The Financial Stability Board spelled out for the first time
Thursday the amount of extra capital it would expect the world's
largest banks to hold in respect of the potential risk they pose to
the global financial system by their size and scale.
The FSB, which coordinates the global regulatory response to the
financial crisis on behalf of the Group of 20 leading advanced and
emerging economies, identified Citigroup Inc. (C), HSBC Holdings
PLC (HBC, 0005.HK), Deutsche Bank AG (DBK.XE, DB) and J.P. Morgan
Chase & Co. (JPM) as the four banks most central to the system,
on the basis of their 2011 data.
It said the banks should be subject to a capital surcharge of
2.5 percentage points over and above the statutory minimums laid
out in the so-called Basel III accords on bank capital. It said 24
other banks on its list should be subjected to smaller surcharges
of between 1% and 2%. Basel III requires banks to hold capital
equivalent to at least 7% of their risk-weighted assets to operate
freely.
The FSB's estimate isn't binding, yet. It will only draw up a
definitive list of "global systemically important financial
institutions," or G-SIFIs, in 2014, and the capital charges will be
phased in between 2016 and the start of 2019, in parallel with
Basel III.
Regulators have attached particular importance to such
"systemically important financial institutions," or SIFIs, their
phrase for the banks that are labeled as "Too Big To Fail." The
extra capital requirements are aimed at reducing the risk of one of
them failing and causing massive worldwide disruption in the manner
of investment bank Lehman Brothers Inc in 2008.

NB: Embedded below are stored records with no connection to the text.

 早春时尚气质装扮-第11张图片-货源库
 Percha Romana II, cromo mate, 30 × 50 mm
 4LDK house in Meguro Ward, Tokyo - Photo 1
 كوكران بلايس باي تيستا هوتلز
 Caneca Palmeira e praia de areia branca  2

In updating its list, the FSB made only two changes to the
original list it drew up last year, dropping Germany's Commerzbank
AG (CBK.XE) and Franco-Belgian lender Dexia SA (DEXB.BT). Dexia had
collapsed at the end of 2011, requiring the kind of multi-billion
taxpayer-funded rescue that the new surcharges are aimed at
avoiding.
The updated list was part of three separate progress reports
that the FSB prepared for a meeting of G-20 finance ministers and
central bank governors in Mexico City this weekend.
In its reports, the FSB sharply criticized the SIFIs for the
lack of progress made in reducing the risks they pose to the world.

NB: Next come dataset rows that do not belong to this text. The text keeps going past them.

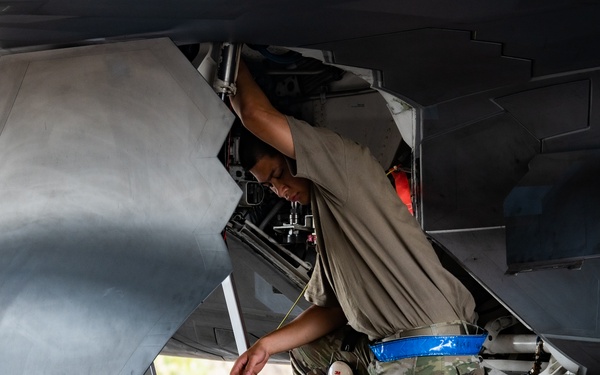 F-22 Raptor maintenance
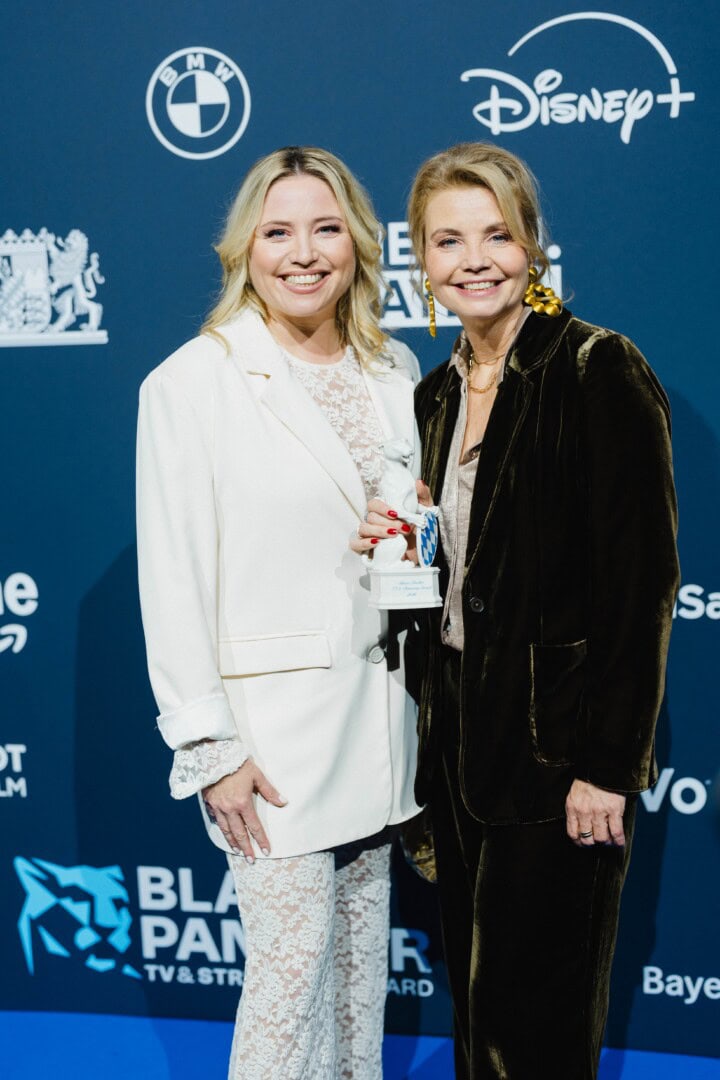 Annette Frier (r.) erhält zusammen mit Sonja Schönemann für die Serie „Frier und Fünfzig – Am Ende meiner Tage“ (Brainpool TV und Good Humor für SAT.1 / Joyn) den „Blauer Panther – TV & Streaming Award“ 2026 in der Kategorie „Besondere kreative Gesamtleistung“. Caroline Frier (l.) freut sich mit ihrer Schwester.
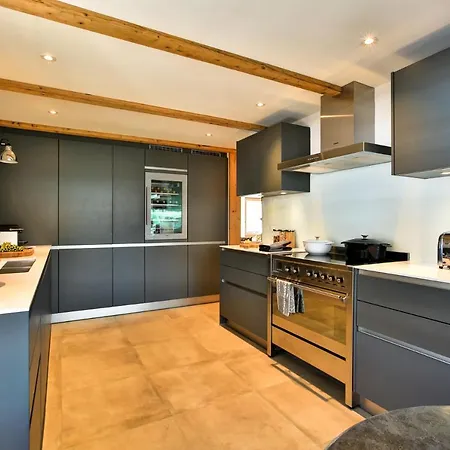 Chalet Khione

Last year, it had instructed its initial list of G-SIFIs to draw up
by the end of 2012 Recovery and Resolution Plans, also known as
RRPs or "living wills", that would enable supervisors to wind them
down in an orderly fashion if they fail.
By its own carefully-worded standards, it was scathing of the
banks' first drafts, accusing them of being blase about the losses
they could incur, and about the legal difficulties of resolving a
cross-border failure.
The FSB said its reviews, which are still in progress, "have
highlighted a need for greater severity in the hypothetical stress
scenarios and for a more exhaustive analysis with regard to
impediments to the implementation of recovery measures, taking into
account interconnections between group entities and constraints
arising from the legal framework."
It said key supervisory committees will launch a review in 2013
of each SIFI resolution plan to check that it can be practically
put into operation. The FSB's reports appeared to draw heavily on
recent financial incidents such as the disastrous "London Whale"

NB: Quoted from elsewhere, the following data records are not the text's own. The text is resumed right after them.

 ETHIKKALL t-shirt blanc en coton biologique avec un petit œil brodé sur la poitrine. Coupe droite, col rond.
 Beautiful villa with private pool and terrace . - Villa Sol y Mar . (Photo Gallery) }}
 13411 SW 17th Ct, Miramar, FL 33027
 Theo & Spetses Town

hedging operation that cost J.P. Morgan over $6 billion, and the
collapse of investment firm MF Global, which was followed by a
storm of allegations that client funds had been misappropriated as
management vainly tried to stave off disaster.
The FSB said that the MF Global case "and other external events"
had underlined the need for "clear, transparent and enforceable
arrangements" to protect client assets, and it voiced concern at
how far authorities are from being able to guarantee this
today.
"Greater understanding is needed of how those objectives can be
achieved in the case of financial firms with significant holdings
of client assets, and particularly where those assets are held in
different jurisdictions," the report said.
In general, the FSB's urged overseers to be more pro-active and
intrusive in their supervision of G-SIFIs, telling them to pay more
attention to banks' succession planning and to the performance
expectations that they set for key management figures.
It also said supervisors should be in more frequent and
intensive contact with SIFIs' boards and more "dynamic" in
assessing the general risk culture within institutions.